Results from a new study on seniors’ use of social networking sites suggest that older adults who use Facebook may experience an improvement in cognitive abilities.

Janelle Wohltmann, a graduate student at the University of Arizona set out to see whether teaching older adults how to use the social networking site Facebook could help improve their cognitive performance and make them feel more socially connected. 

Wohltmann, along with UA’s head of psychology, Betty Glisky, gathered 42 participants for the study, ranging in age from 68 to 91. The seniors completed a series of exams measuring social variables, such as their levels loneliness and social support, as well as their cognitive abilities. 

The participants were then divided in to three groups. The first group was trained on how to use Facebook, and asked to become “friends” with fellow members of the group and post messages at least once per day. The next was trained to use Penzu.com, an online diary site in which entries are kept private, with no social sharing component. This group was also instructed to post daily, using only short messages to mimic the length of messages typically posted on Facebook. The last group was told they were on a "wait-list" for Facebook training, which they did not actually complete. 

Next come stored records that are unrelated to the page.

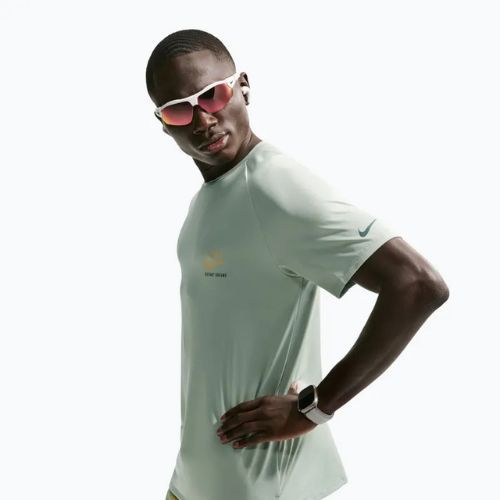Pánské běžecké tričko Nike Stride Dri-Fit ADV jade horizon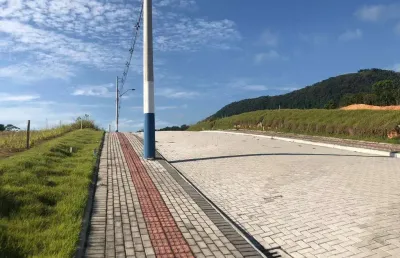 Terreno com 375m² para venda no loteamento residencial são josé bairro aymoré guabiruba.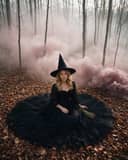 Sorcière dans la brume femme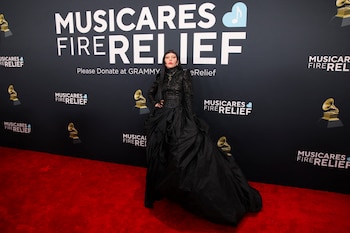 Lady Gaga hizo una impactante aparición con un vestido negro de gran volumen y diseño dramático, destacando por su estética gótica y teatral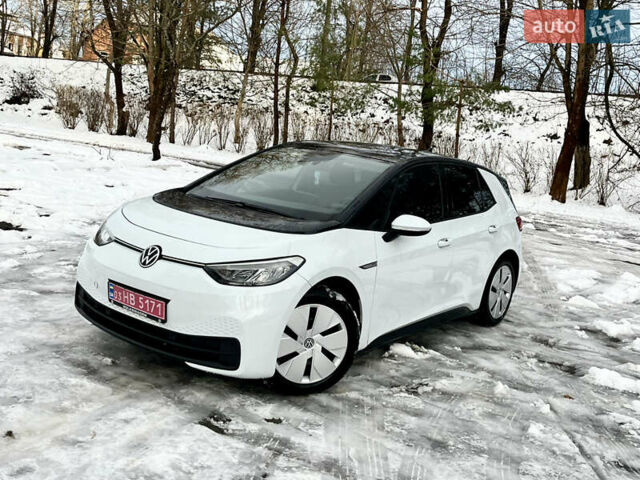 Белый Фольксваген ID.3, объемом двигателя 0 л и пробегом 185 тыс. км за 14950 $, фото 1 на Automoto.ua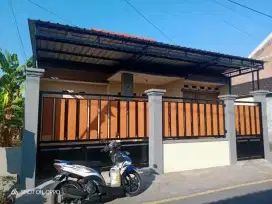 Dijual Rumah plus ruko utara RSUD Ngipang L:80m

Eight weeks later, all three groups were reevaluated using tests similar to those they took at the beginning of the study. The group that learned to use Facebook scored 25 percent higher than they did prior to training. The other two groups saw no significant change in performance. 

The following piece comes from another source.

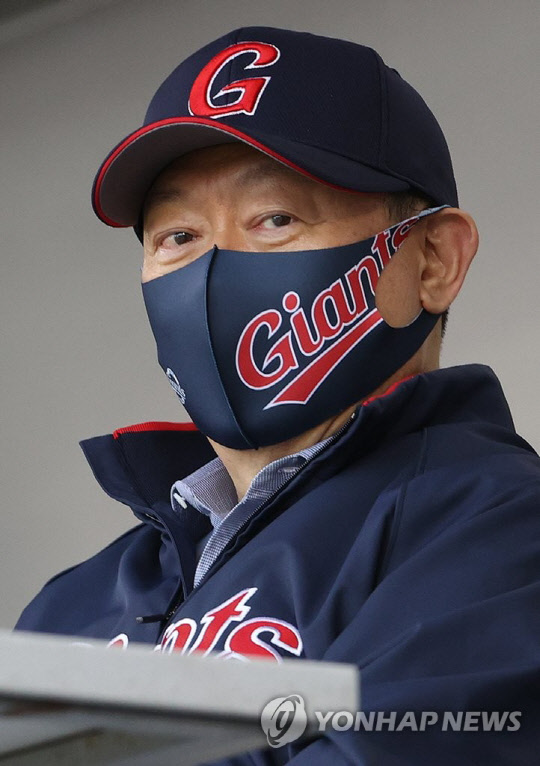 지난 4월 27일 오후 서울 잠실야구장에서 열린 프로야구 롯데와 LG의 경기를 지켜보고 있는 신동빈 롯데그룹 회장. 연합뉴스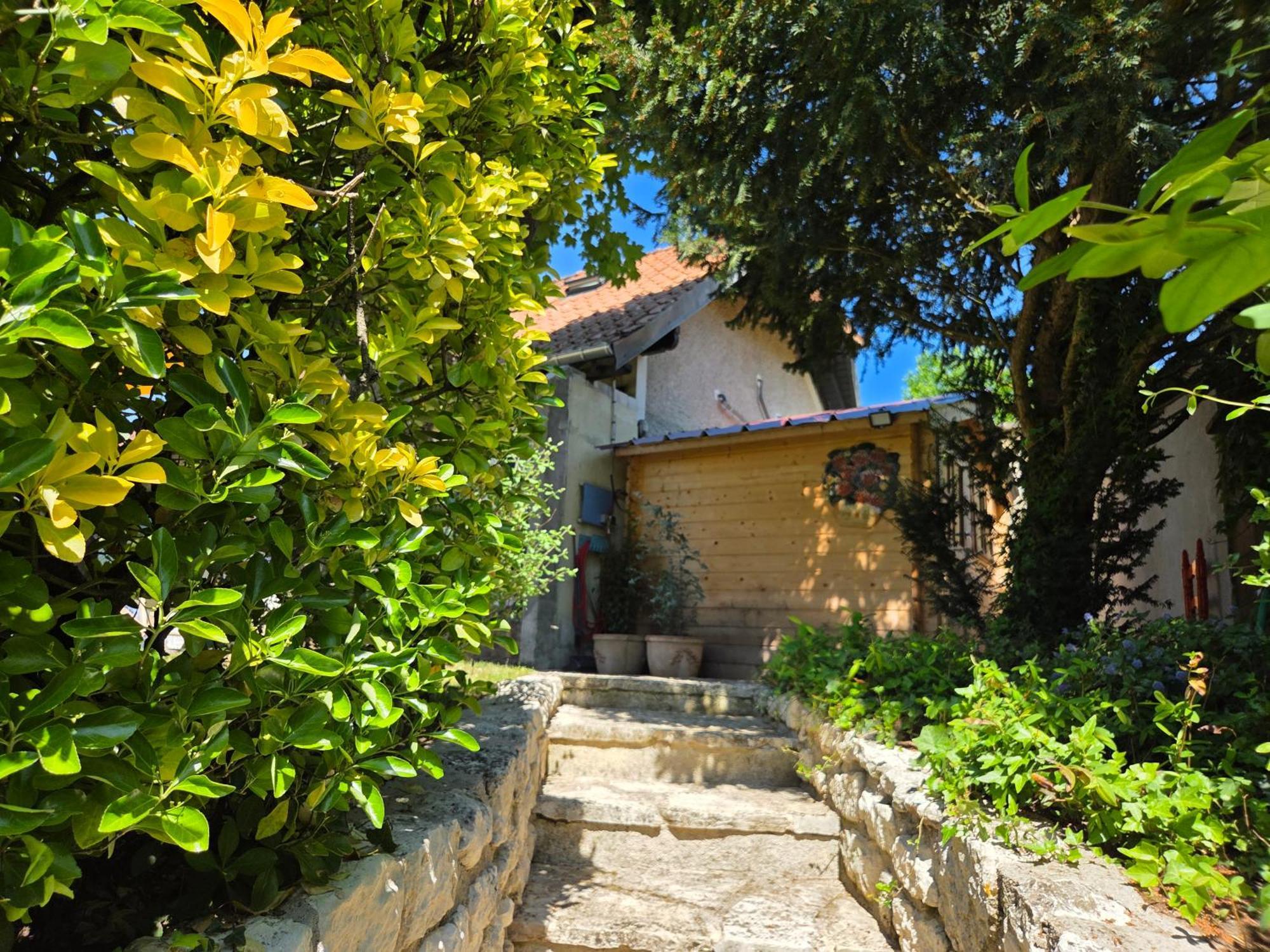 Clair Logis Holiday home *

While the results indicate that using Facebook enhanced the seniors’ cognitive abilities, more research is need to discover whether the improvement was due to the social nature of the site, the mental activity of learning something completely new, or a combination of those two factors. 

"The idea evolved from two bodies of research," Wohltmann said. "One, there is evidence to suggest that staying more cognitively engaged – learning new skills, not just becoming a couch potato when you retire but staying active – leads to better cognitive performing. It's kind of this 'use it or lose it' hypothesis." 

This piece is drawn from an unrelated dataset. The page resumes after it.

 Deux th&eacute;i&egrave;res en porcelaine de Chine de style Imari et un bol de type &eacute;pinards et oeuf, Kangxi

"There's also a large body of literature showing that people who are more socially engaged, are less lonely, have more social support and are more socially integrated are also doing better cognitively in older age," she said. 

Wohltmann added that although teaching seniors how to use social media sites would be beneficial to them socially and cognitively, it is important that they understand how to use the technology properly, so they can keep their private information secure.